Activity.
Each line of the listing below must be returned exactly.

Given material.

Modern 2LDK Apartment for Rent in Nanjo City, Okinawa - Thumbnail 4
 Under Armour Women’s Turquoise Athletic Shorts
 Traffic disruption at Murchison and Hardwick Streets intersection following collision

Written answer.
Modern 2LDK Apartment for Rent in Nanjo City, Okinawa - Thumbnail 4
 Under Armour Women’s Turquoise Athletic Shorts
 Traffic disruption at Murchison and Hardwick Streets intersection following collision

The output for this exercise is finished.